WHAT ARE THE BENEFITS OF COLLAGEN?

  1. It is very beneficial for your skin, hair, nails, and dental health.
  2. It reduces cellulite.
  3. Digestion is important for our health. (The symptoms of many stomach problems such as reflux, ulcerative colitis, Crohn’s disease can be alleviated.)
  4. It protects our liver health.
  5. It protects your heart health.
  6. Muscle and bone are very important for our joint health.
  7. It is very beneficial for our eye health.
  8. It is beneficial for our brain health.
  9. Accelerates metabolism. (Facilitates weight loss)
  10. Improves sleep quality.

WHAT CAUSES COLLAGEN DEFICIENCY?

  1. Aging (starts to decrease after the age of 25, gradually decreases after 35 years)
  2. Exposure to sunlight for a long time
  3. Increase in the amount of cortisol secreted by the body due to stress
  4. Wrong and inadequate eating habits
  5. Exposure to toxins (environmental pollution, etc.)
  6. chronic inflammation
  7. Sleep disorder and not getting enough sleep
  8. Increase in the number of free radicals in our body
  9. Desserts and foods with ready additives (sugar and refined product consumption)
  10. Smoking
  11. Menopause
  12. Some treatments that make it difficult to absorb vitamins and minerals in the body

WHAT ARE NUTRIENTS CONTAINING COLLAGEN?

The most important way to increase collagen production in the skin is through vitamin C. Citrus fruits are foods that support collagen production. Citrus fruits, which have antioxidant properties, increase collagen by removing free radicals from the body. Recommended daily amount of vitamin C for collagen production is 500 mg.

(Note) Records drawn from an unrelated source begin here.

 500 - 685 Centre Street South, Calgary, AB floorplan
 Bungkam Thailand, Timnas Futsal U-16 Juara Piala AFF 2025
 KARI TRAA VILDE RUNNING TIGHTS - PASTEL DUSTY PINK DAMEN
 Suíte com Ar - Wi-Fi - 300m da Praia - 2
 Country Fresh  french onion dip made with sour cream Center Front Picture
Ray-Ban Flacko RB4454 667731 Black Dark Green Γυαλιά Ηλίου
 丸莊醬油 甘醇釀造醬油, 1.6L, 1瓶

Foods rich in omega 3: hazelnuts, fish, flax seeds, and especially strawberries are foods that increase collagen production. Red beets, capita peppers, and tomatoes must be consumed because of their lycopene and anthocyanins content. These two substances are sensitive to collagen increase. For regular collagen production in the skin, red vegetables and fruits are among the foods that should be on your diet list.

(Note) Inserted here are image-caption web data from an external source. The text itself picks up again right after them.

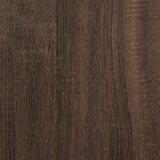 Armadietto Bagno Rovere Marrone 33x33x185,5cm Legno Multistrato
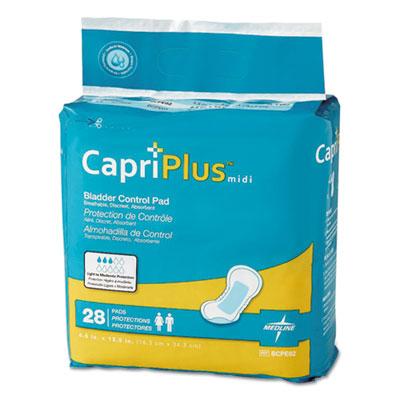 View larger image of Capri Plus Bladder Control Pads, Extra Plus, 6.5" x 13.5", 28/Pack, 6/Carton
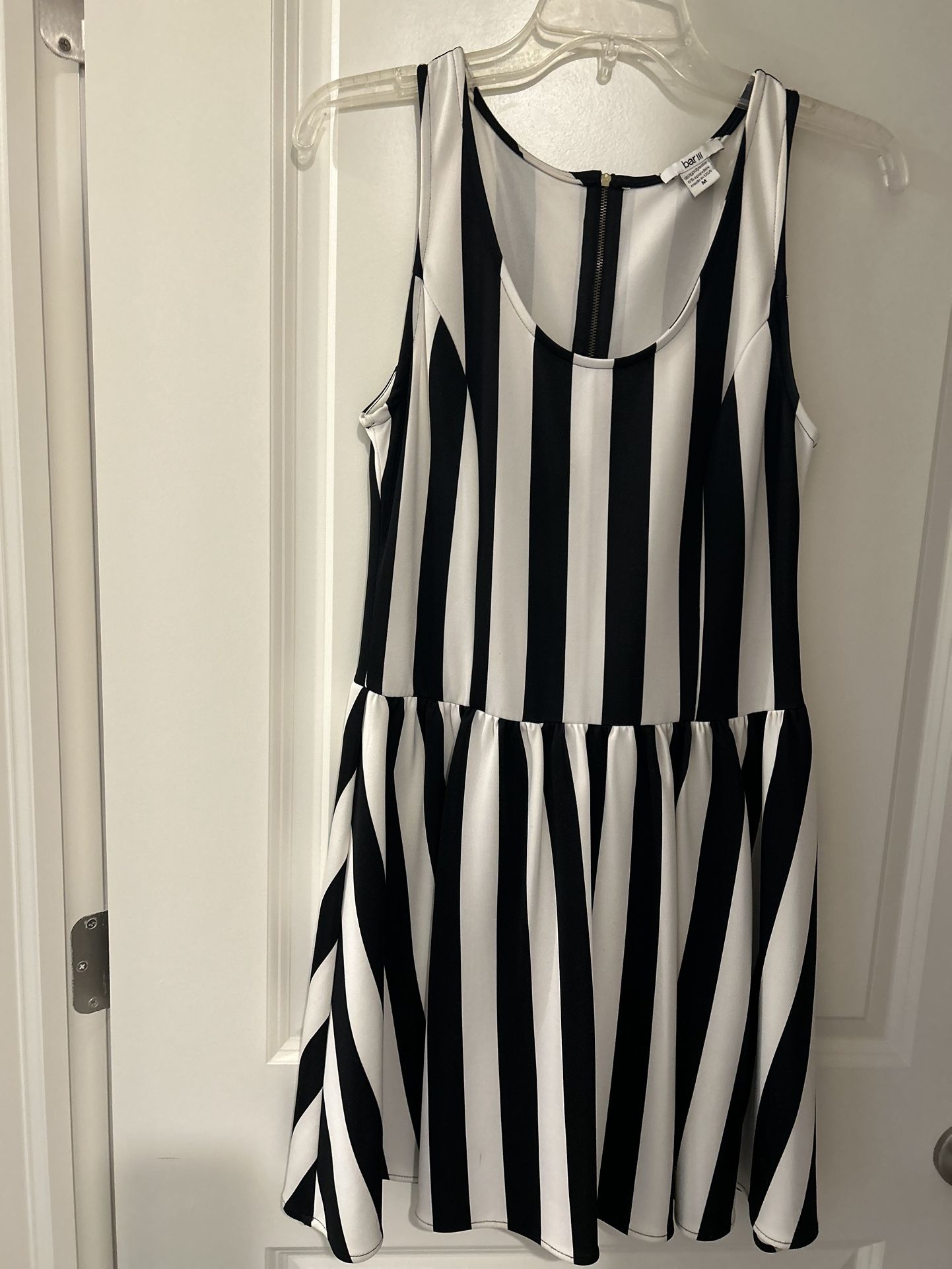 Black And White Stripes Dress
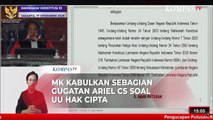 [FULL] Tok! MK Kabulkan Gugatan Ariel, Raisa hingga BCL, Ubah Sebagian Pasal UU Hak Cipta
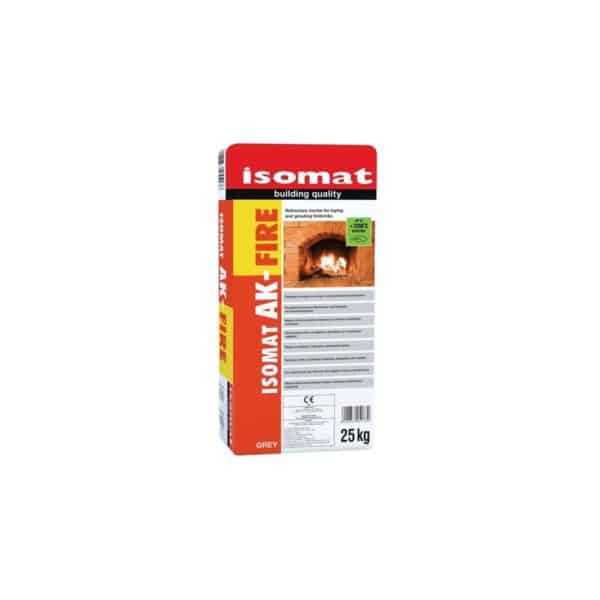 Mortar refractar Isomat AK-FIRE, rezistent la 1200°C, gri, 25 kg - imagine 1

Red fruits, which have antioxidant properties, are foods that help to produce a sufficient amount of collagen by preventing free radicals from damaging the skin. Strawberry, blueberry, blackberry, raspberry are among these foods. These foods enable the collagen existing in the skin to work more effectively.

Rich in vitamin A, carrots and pumpkin are foods containing collagen that provide excellent support to the skin. They provide a fresh and flexible skin feature by eliminating dull skin. Scientific studies have shown that this enzyme is the most effective enzyme to increase collagen since it contains a substance called “blomerin”.

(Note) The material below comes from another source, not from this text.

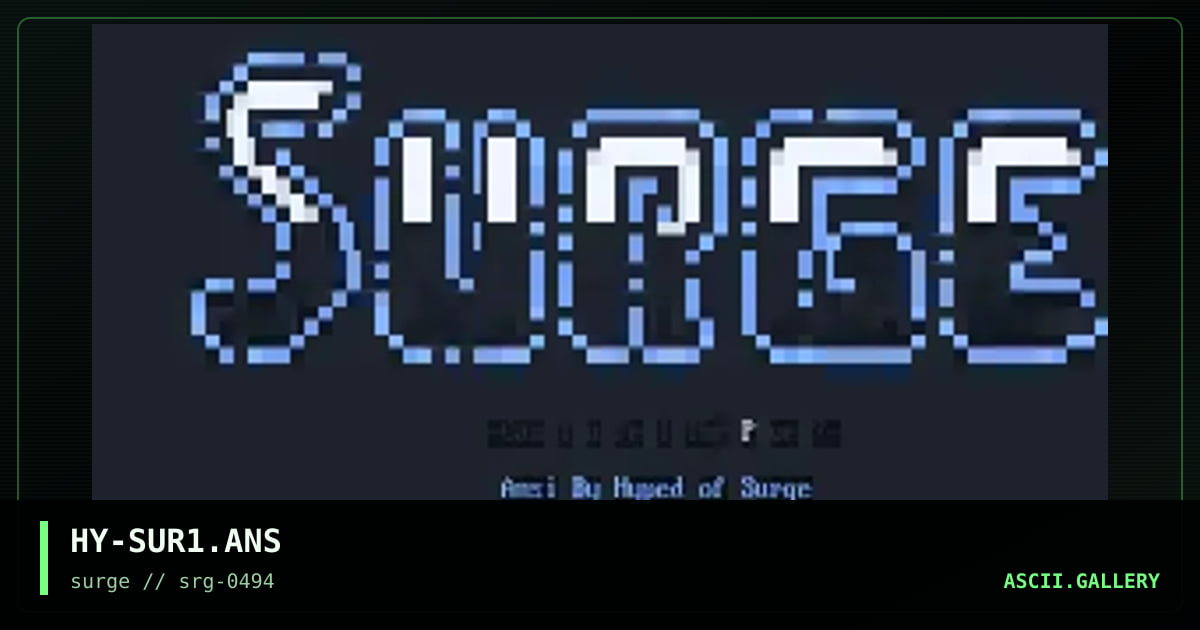 HY-SUR1.ANS, by hyped, 1994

Since garlic is a sulfur-containing nutrient, it is known that sulfur increases collagen by supporting the connective tissue of the skin. Garlic consumed raw, 2-3 cloves a day is an incredible collagen trigger.

Cabbage and green leafy vegetables should be consumed regularly as much as possible. If you consume these vegetables in a balanced and planned way, it will be possible to observe that your skin is revitalized due to the increase in collagen in a short time. You should especially prefer dark green leafy vegetables such as spinach and chard.

Egg white contains 2 essential amino acids that play an important role in the formation of collagen in the body. And these amino acids are the natural building blocks of collagen.

The contribution of fish, which is one of the sea products, to collagen production is due to the destruction of enzymes that damage collagen. Omega 3-containing products such as fish and flax seeds are a kind of preservative and supporter of collagen.

Collagen-containing foods include broccoli, green peppers, kiwi, prunes, rosehips, avocado, turkey meat, and head and trotter, which must be consumed for sufficient collagen.

Beef and cow meat, chicken, deer, goat, and ox meat; There is a lot of collagen, especially in the animal’s bones, skin, and offal area.

Fruits containing vitamin C, such as oranges, tangerines, grapefruits, kiwi, and pineapple

Sulfur-containing foods such as green and black olives, celery, onions, garlic

Red fruits and fruits containing lycopene such as red peppers, apples, strawberries, cherries

Omega 3 fatty acids, especially found in fish scales, salmon, and tuna

Carrots, orange vegetables such as pumpkin, tomatoes, kale, beets, spinach, and eggplant

Bone broth and trotters are literally a source of collagen.